Off to a decent start

Well, my portfolio increased $1,924 in value today. My fear that starting this blog would be the kiss of death for my financial success has proven, at least for the time being, to be premature. Of course, there's always tomorrow...

Sunday, December 05, 2004


Let the games begin!

Tomorrow will be the first trading day since I started this blog. On Friday, my portfolio was worth $337,594. I am well aware that hubris has gotten the better of investors much more skilled and intelligent than me, so let's hope that this time next year I won't be reflecting on "what went wrong".
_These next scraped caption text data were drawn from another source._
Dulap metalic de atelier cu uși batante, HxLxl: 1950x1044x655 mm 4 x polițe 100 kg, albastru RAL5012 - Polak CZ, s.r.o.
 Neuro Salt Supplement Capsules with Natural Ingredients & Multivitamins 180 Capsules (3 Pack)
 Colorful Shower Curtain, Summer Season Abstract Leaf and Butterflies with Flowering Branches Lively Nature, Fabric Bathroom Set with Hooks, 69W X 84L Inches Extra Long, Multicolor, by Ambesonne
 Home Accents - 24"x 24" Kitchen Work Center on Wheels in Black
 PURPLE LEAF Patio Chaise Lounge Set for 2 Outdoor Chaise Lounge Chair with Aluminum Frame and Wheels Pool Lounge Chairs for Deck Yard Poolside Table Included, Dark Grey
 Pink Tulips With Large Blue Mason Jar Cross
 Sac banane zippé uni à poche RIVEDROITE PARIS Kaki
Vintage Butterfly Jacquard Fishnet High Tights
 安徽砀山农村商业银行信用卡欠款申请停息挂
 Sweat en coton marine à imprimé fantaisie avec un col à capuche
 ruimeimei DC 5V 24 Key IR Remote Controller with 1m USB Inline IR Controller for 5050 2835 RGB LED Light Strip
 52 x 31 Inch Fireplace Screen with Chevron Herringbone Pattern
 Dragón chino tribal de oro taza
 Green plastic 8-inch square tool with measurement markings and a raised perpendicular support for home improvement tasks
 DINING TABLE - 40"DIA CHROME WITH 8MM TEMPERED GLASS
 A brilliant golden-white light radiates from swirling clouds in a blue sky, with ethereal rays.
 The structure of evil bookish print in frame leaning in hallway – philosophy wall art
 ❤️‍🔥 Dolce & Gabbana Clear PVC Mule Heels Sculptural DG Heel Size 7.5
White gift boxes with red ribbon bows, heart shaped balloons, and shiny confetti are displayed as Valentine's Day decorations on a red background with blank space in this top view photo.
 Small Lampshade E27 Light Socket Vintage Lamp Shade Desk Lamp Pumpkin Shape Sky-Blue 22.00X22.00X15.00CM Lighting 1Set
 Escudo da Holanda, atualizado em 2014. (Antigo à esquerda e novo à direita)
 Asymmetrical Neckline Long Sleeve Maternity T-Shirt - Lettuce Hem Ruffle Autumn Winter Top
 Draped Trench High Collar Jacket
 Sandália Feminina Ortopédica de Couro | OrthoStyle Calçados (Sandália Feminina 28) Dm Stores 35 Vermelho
Saturday, December 04, 2004


Important Disclaimer

Don't buy the stocks that I hold in my portfolio!

Here's why:

Friday, December 03, 2004


My very first entry

There is a familiar concept in statistics called "reversion to the mean". In simple terms, the idea is that things tend to even out. This concept helps to explain the 'Sports Illustrated Curse', which tends to strike athletes who have the fortune (or perhaps I should say misfortune) to appear on SI's cover. It also helps to explain why movie sequels are rarely as good as the original. In the former case, athletes featured on the cover of SI are often at the peak of their careers, so there's only one way their performance can go: down. In the latter case, only the better (or at least the more profitable) movies tend to be followed by sequels. Hence, there is a good chance that the sequel will not be as good as the original. Reversion to the mean, folks. How is this relevant to this blog? Well, I started this blog after 3 exceptionally good years investing the stock market. Presumably, if I had lost all my money (like some) I wouldn't be writing this now. So how will my investing future fare? Will I also revert to the mean? Stick around, and let's find out together.